Libéralisme de façade, identitaire au fond
Knafo défend par ailleurs la suppression des droits de succession, la retraite par capitalisation et la privatisation de l’audiovisuel public — des positions qui la distinguent du RN sur le terrain économique et lui confèrent une image de modernité libérale.
Mais ce libéralisme ne constitue pas un contrepoids au socle identitaire : il le renforce. En dénonçant les « gaspillages » au profit des étrangers ou des associations d’aide aux migrants, Reconquête justifie la réduction de la dépense sociale par un discours de défense des « vrais Français ». La fédération girondine du parti chiffrait en 2024 à 2,7 milliards d’euros les subventions publiques aux « ONG no borders » — un chiffre revendiqué par le parti, non issu de données officielles, mais révélateur d’une narration où l’assistanat serait capté par des populations étrangères et leurs soutiens.
AfD, Vox, Milei : le réseau international qui l’expose
L’inscription de Sarah Knafo au sein du groupe Europe des nations souveraines la place au cœur d’une coalition qui inclut l’AfD, Vox et plusieurs autres partis d’extrême droite du continent. Ce groupe défend une ligne eurosceptique dure, hostile à tout transfert de souveraineté vers Bruxelles et favorable à la remise en cause de la primauté du droit européen.
Cette alliance suscite des critiques jusque dans la droite traditionnelle.
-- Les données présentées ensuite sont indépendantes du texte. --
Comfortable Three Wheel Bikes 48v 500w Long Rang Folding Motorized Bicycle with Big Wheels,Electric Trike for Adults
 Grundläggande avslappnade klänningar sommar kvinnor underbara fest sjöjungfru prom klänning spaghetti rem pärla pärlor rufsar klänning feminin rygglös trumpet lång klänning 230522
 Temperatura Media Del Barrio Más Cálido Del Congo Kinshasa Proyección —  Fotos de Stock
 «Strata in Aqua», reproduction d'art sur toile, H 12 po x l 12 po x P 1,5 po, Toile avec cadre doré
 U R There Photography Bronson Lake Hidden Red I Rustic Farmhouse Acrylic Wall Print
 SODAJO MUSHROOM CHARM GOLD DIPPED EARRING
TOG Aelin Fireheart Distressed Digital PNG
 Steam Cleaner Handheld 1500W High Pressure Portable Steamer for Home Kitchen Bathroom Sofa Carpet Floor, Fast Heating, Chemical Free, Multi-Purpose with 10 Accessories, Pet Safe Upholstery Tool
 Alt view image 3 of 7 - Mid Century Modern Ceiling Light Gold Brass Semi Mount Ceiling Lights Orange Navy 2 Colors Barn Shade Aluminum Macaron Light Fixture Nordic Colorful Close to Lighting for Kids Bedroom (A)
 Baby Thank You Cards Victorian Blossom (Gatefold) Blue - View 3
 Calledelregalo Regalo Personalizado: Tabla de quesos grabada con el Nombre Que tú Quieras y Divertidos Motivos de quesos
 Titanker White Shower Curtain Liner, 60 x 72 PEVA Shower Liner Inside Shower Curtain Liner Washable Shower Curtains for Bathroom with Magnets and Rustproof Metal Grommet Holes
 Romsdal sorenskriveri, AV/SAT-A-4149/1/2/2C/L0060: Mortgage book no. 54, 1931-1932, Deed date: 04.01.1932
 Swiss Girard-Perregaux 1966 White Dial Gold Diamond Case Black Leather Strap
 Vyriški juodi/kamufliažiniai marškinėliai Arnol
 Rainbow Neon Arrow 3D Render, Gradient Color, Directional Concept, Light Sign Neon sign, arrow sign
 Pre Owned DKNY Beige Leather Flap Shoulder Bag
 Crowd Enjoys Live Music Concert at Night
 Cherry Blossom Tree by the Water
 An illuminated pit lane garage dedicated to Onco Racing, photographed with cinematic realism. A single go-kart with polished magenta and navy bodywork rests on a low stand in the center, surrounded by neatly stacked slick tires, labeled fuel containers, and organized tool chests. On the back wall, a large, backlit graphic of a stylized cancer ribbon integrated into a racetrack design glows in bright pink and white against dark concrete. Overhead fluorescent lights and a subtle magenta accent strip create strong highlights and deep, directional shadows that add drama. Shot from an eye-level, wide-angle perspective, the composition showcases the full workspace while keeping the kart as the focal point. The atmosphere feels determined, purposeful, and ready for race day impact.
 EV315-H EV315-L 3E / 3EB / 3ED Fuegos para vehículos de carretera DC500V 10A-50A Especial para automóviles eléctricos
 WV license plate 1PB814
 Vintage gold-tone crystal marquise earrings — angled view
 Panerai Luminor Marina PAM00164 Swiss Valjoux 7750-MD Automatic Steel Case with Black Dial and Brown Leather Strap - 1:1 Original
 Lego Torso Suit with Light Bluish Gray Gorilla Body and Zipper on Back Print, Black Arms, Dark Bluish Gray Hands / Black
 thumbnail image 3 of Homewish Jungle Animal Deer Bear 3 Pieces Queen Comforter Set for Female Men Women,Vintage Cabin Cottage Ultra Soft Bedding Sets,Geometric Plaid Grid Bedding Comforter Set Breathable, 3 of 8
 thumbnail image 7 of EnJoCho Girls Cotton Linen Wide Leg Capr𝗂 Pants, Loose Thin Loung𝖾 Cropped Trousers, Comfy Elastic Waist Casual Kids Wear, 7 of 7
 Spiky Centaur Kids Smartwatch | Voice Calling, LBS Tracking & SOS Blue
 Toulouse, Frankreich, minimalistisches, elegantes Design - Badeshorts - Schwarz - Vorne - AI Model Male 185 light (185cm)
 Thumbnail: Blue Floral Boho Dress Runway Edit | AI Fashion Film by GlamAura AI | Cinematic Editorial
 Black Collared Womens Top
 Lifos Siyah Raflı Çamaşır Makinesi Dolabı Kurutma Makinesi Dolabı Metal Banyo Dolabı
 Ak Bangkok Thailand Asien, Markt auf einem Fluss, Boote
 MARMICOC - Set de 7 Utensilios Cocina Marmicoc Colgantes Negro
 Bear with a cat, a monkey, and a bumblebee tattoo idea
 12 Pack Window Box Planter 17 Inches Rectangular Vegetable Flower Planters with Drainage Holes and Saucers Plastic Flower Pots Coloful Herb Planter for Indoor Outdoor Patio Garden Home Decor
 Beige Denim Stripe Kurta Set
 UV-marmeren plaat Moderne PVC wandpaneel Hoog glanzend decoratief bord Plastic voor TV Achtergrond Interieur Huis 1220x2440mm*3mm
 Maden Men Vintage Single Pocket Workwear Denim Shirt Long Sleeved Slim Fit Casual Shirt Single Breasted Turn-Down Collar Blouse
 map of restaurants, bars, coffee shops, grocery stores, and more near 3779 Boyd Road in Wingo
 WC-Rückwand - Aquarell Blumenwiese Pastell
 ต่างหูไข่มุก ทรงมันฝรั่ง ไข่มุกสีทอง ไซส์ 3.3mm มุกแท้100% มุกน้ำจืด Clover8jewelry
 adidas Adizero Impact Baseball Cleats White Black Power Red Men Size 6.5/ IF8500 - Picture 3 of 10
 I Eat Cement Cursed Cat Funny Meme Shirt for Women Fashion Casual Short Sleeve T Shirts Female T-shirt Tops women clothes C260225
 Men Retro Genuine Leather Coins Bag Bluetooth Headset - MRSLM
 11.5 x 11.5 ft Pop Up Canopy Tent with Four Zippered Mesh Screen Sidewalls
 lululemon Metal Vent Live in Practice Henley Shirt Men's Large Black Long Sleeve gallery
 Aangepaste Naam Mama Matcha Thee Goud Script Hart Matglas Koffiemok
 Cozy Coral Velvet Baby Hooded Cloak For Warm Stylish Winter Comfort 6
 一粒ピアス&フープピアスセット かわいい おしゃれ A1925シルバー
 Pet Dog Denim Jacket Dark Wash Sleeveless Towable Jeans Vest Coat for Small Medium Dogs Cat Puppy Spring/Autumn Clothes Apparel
Des responsables des Républicains estimaient que Knafo « paie le prix d’être alliée à l’AfD », parti qu’ils jugent « trop radical même pour Marine Le Pen ». Quand la droite classique prend ses distances avec vos partenaires européens au motif qu’ils sont trop extrêmes, l’argument du déni d’étiquette atteint ses limites.
Knafo est-elle d’extrême droite ? La réponse des politologues
La science politique dispose d’une grille analytique précise : nativisme, hostilité aux minorités, remise en cause de l’État de droit, euroscepticisme radical, autoritarisme pénal. Appliquée au corpus porté par Sarah Knafo, cette grille produit un résultat sans ambiguïté.
Le programme qu’elle a contribué à construire et qu’elle revendique coche chacune de ces cases : un million d’expulsions en cinq ans, cent demandes d’asile par an, cent mille places de prison supplémentaires, vingt milliards d’économies sur les prestations aux étrangers, contournement du Conseil constitutionnel, alliance assumée avec les partis d’extrême droite européens.
Le choix des mots — « patriote » plutôt qu’« extrémiste », « union des droites » plutôt que « extrême droite » — n’est pas un désaccord de fond avec ce classement. C’est un calcul électoral : rendre acceptable, auprès d’une partie de l’électorat de droite modérée, un projet dont la substance reste, sur tous les critères disponibles, celui d’un parti d’extrême droite identitaire.